Çetin ÜNSALAN
Türkiye’nin dört bir yanında seçimlere gidilerek, duvarlarda başarılı bir ekonomi performansının sloganlarını görüyorsunuz. Paradan altı sıfır atılmasıyla, insanın zenginleştiği yalanını bile söyleyebilecek kadar ekonomi ilminden uzak bu ifadeler, kelimenin tam anlamıyla bir palavra…

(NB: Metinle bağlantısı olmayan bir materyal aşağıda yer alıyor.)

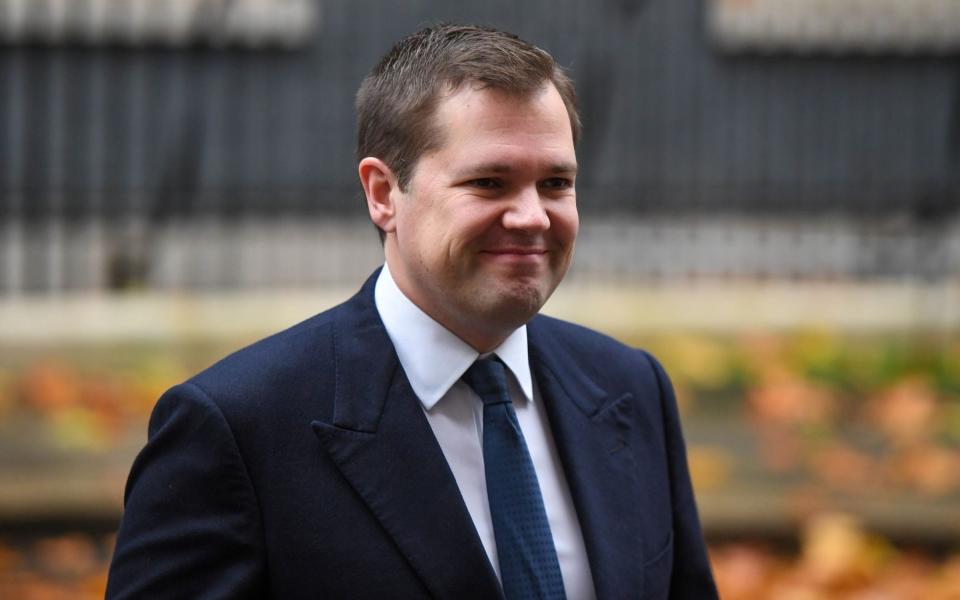 Robert Jenrick, the immigration minister, is pictured in Downing Street on November 17 - Chris J. Ratcliffe/Bloomberg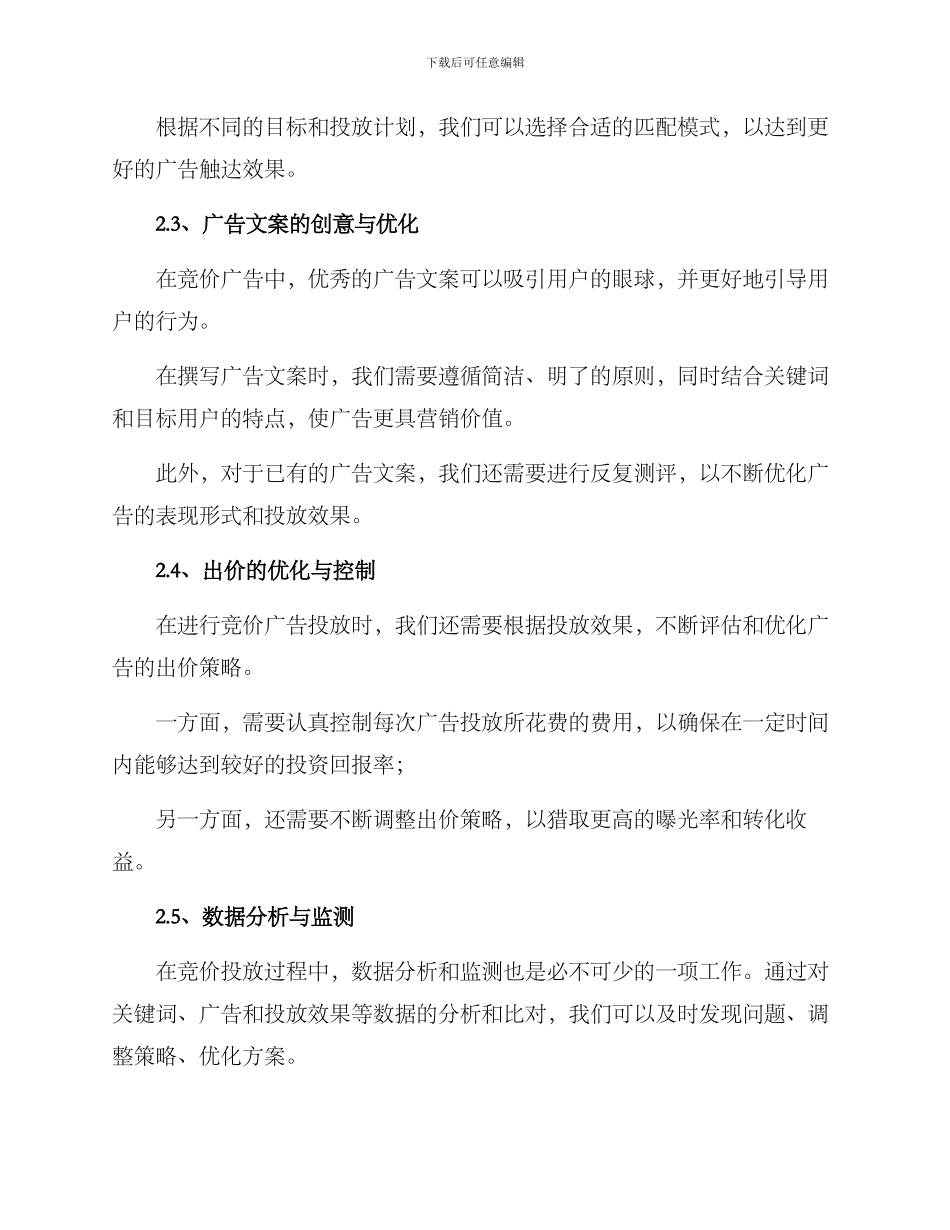 竞价运营策划方案_第2页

Ekonomi bu ülkede büyük bir fiyasko şeklinde yönetilmiştir. Yıllar içinde spekülatör finans kuruluşlarının akıttığı ve ardından da büyük soygunu gerçekleştirdiği sıcak paraya dayanmış rehavet içerisinde adım adım sorunlar yumağına gidiyoruz.
Kim ne söylerse söylesin ve siz kime inanırsanız inanın, rakamların bile çarpıtıldığı, tek taraflı yayınlandığı bu ülkede sokağın gerçeği işsizlik ve yoksulluktur. 12 milyon 750 bin kişinin yatağa aç girdiği bir ülkede, sadece bu nedenle bile başarıdan söz edemezsiniz. Eğer edecekseniz bu başarının ‘kimin için’ olduğu sorusunun yanıtını da vatandaşla paylaşmak durumundasınız.
Peki nedir Türkiye gerçeği? Türkiye Kamu-Sen ortaya koyduğu son rapor, tıpkı İSMMMO’ya ve diğerlerine ait veriler gibi sokağın gerçek manzarasını bizlere gösteriyor. İnansanız da, inanmasanız da…
Kamu-Sen bu rapordaki sonuçları Maliye Bakanlığı, TÜİK, OECD, Merkez Bankası, Hazine Müsteşarlığı, DPT gibi kuruluşların verilerinden faydalanarak ortaya çıkardı. Hani size gösterilmeyen rakamlara, hem de resmi rakamlara dayanarak…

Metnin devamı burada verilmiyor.